Lightly spray a baking sheet with cooking oil. Wash and dry peppers. Cut peppers in half and remove the seeds. Place peppers (skin side up) onto baking sheet. Broil on LOW for about 15 minutes, or until the skins are blistered and charred. Allow peppers to cool before handling. Carefully, remove the peeling. Chop peppers into pieces and set aside.
Roasted Poblano Chicken Chili
In a large slow cooker, add chopped onion, garlic, and parsley.
Drain and rinse cannellini beans, then add to chopped vegetables. Add chopped roasted poblano peppers, creamed corn, chicken, all spices, chicken broth, and half and half.

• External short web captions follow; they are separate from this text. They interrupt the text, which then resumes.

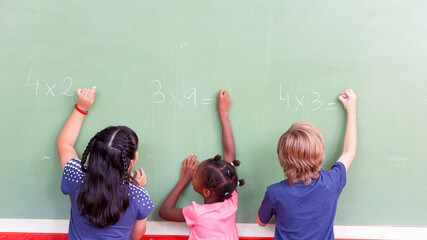 Mixed race school children writing on chalkboard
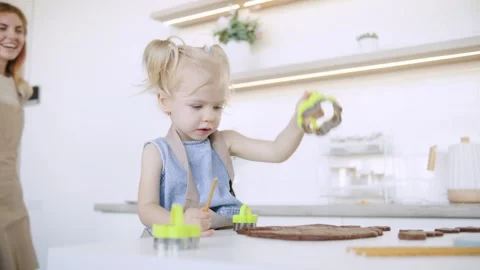 Young child engages in creative baking activity in a bright kitchen while using Stock Footage 308490722
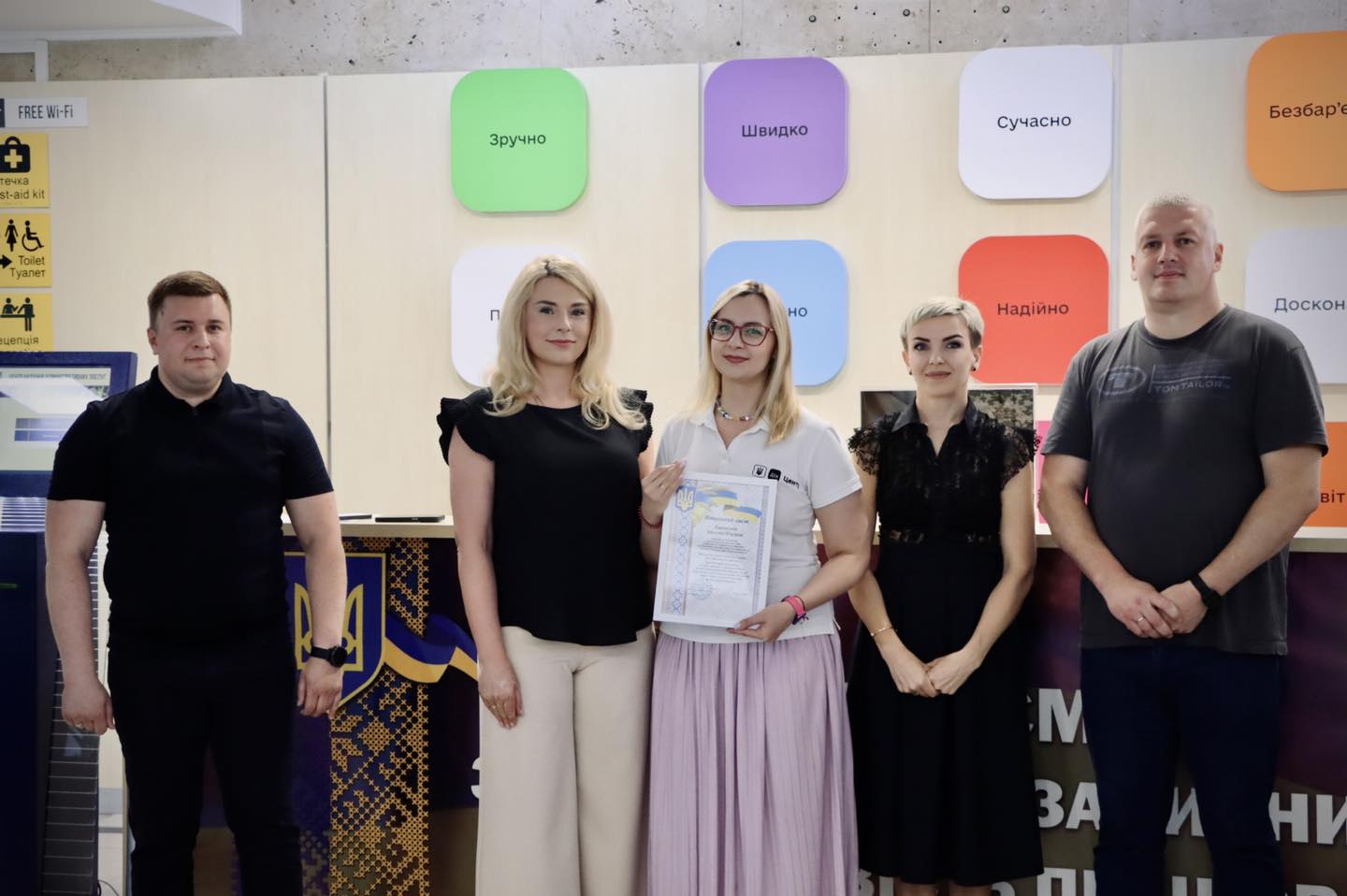 П'ятеро людей стоять разом. Жінка в центрі тримає почесну грамоту з написом 'Фещук Лілії Василівни'.
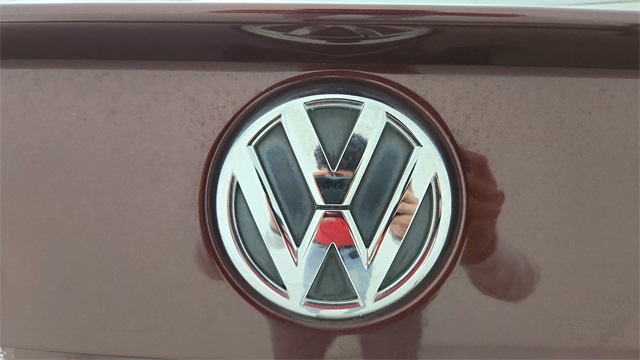2013 Volkswagen Passat TDI SE Red at DeMontrond Gulf Freeway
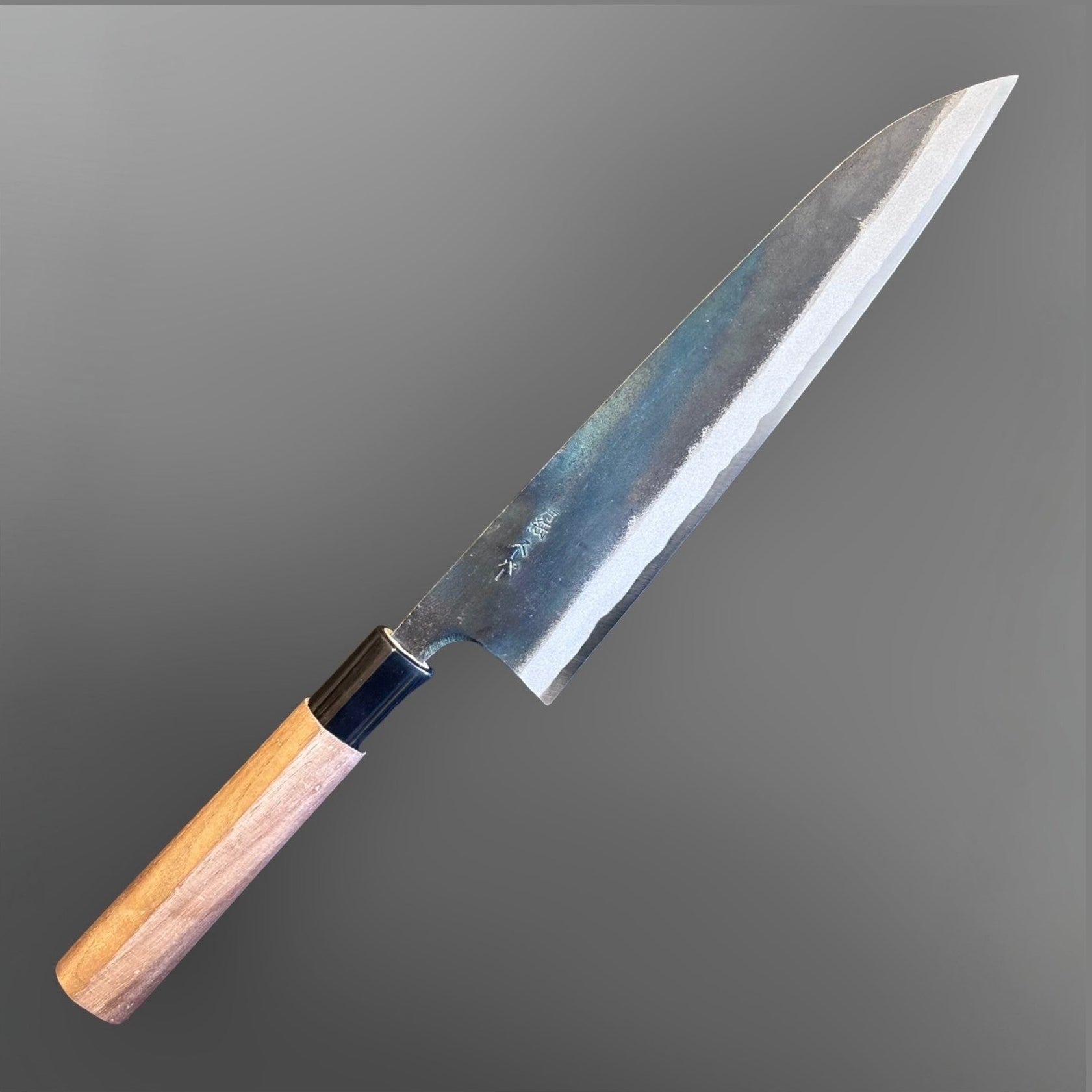 Zakuri AS Kurouchi Gyuto 210 mm, angled full-knife view showing the kurouchi blade finish and wa handle.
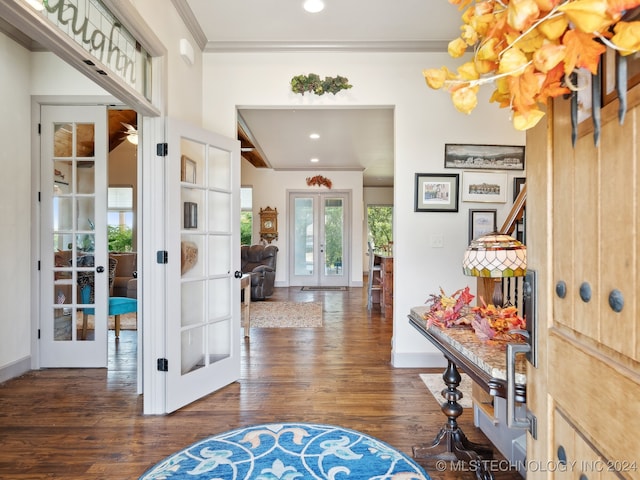 foyer featuring ornamental molding, dark hardwood / wood-style floors, and french doors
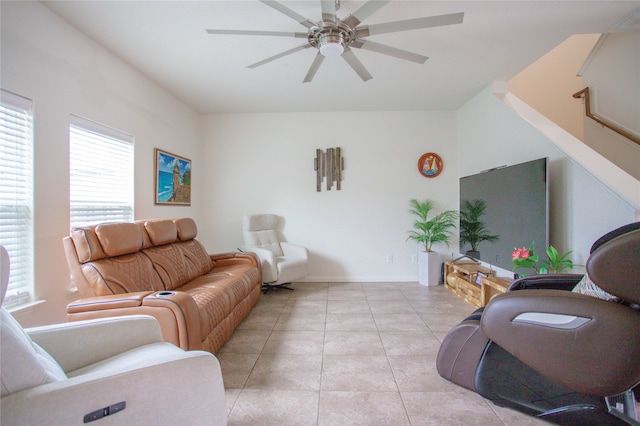 tiled living room with ceiling fan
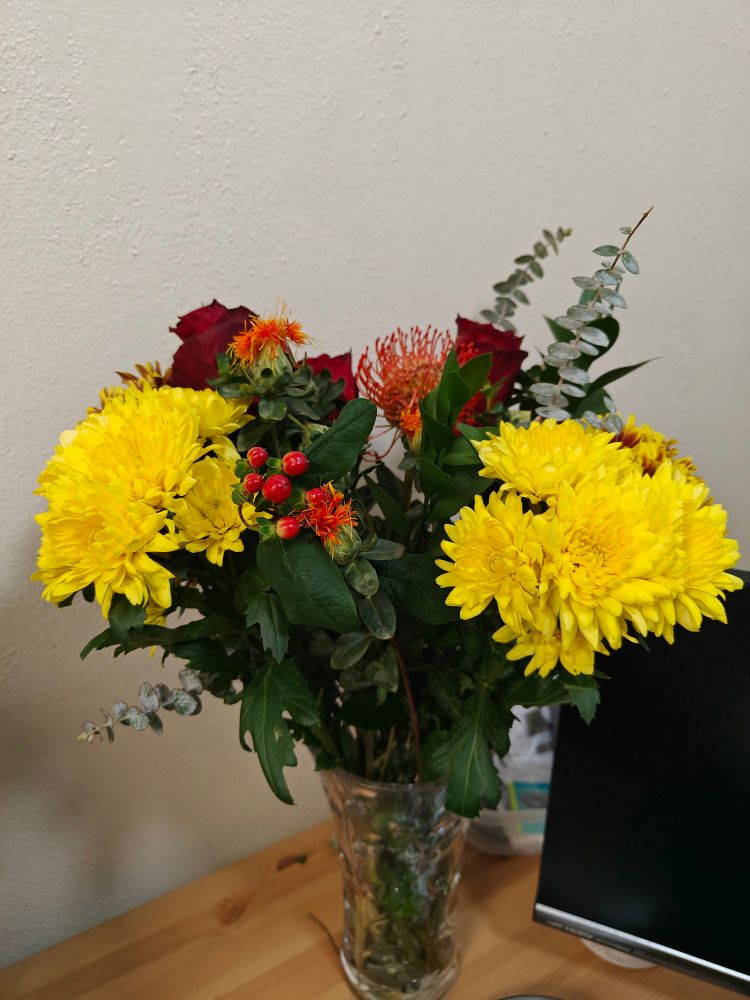 Bouquet of flowers I bought for myself. An assortment of yellow red and orange flowers (I apologize I don't know the names of each one except the roses)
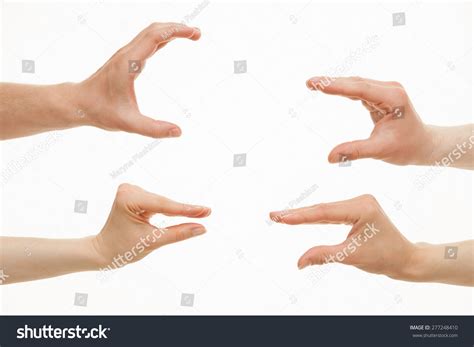 hands showing  sizes small big stock photo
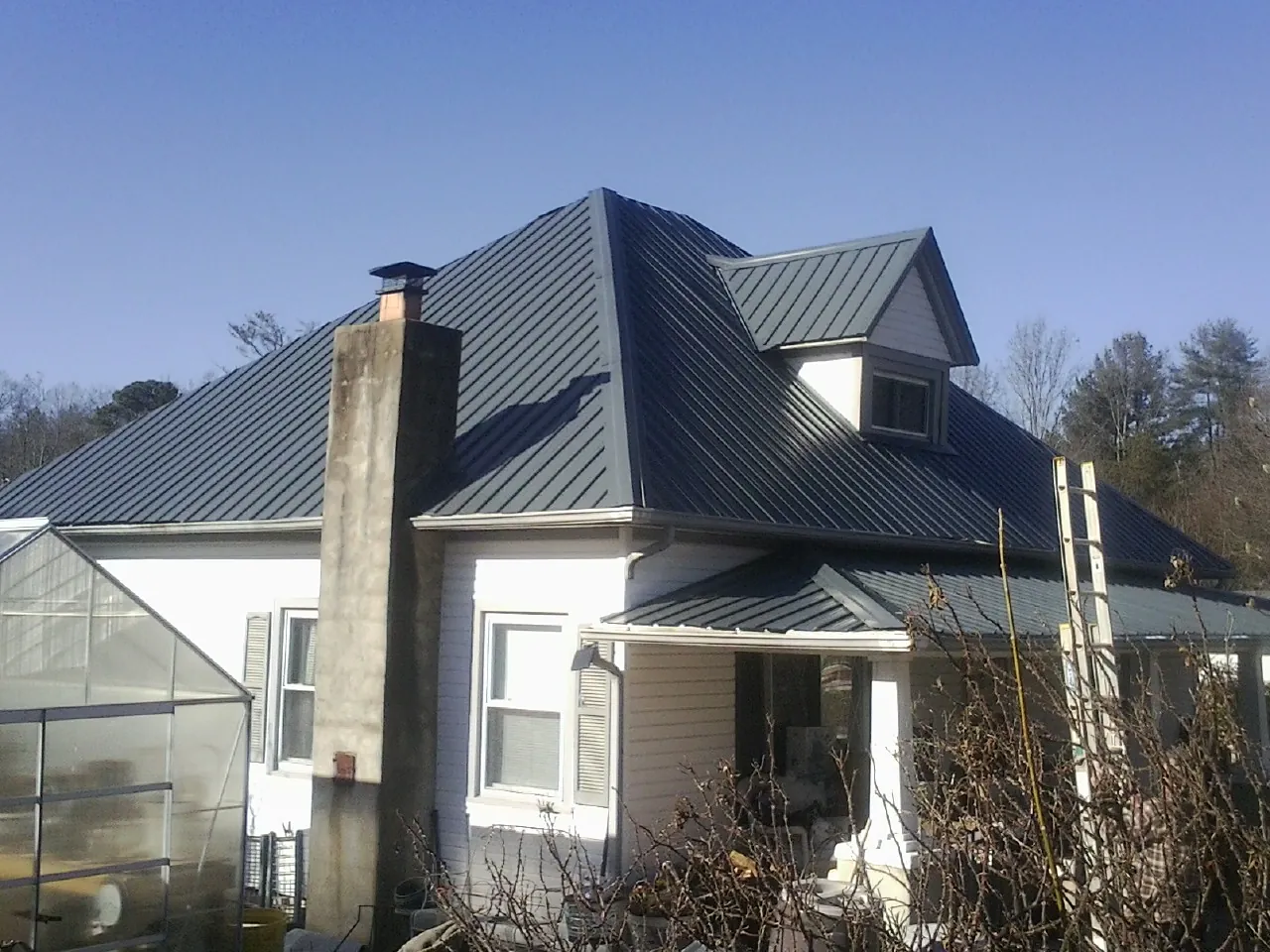 Dark blue standing seam metal roof on a white farmhouse with dormer — Slate & Tile Roof Repair by Roofing Brothers in Harbor City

Cut cream cheese into cubes and add to the slow cooker. Cut lime in half and juice one half lime into the chili mixture using a lemon/lime press. Stir all ingredients well to combine.
Cook on LOW for 6 hours, or until cream cheese is completely melted and chili is creamy.
If chili is too thin, add half a cup of water to a bowl and stir in 2 Tablespoons cornstarch until blended smooth. Slowly add the cornstarch mixture, stirring the chili to combine, until thickened. Note: Chili will thicken as it sets.
Notes: There are many options for garnish that will compliment this chili; cheese, enchilada sauce, sliced limes, avocado, and tortilla strips are some of our favorites.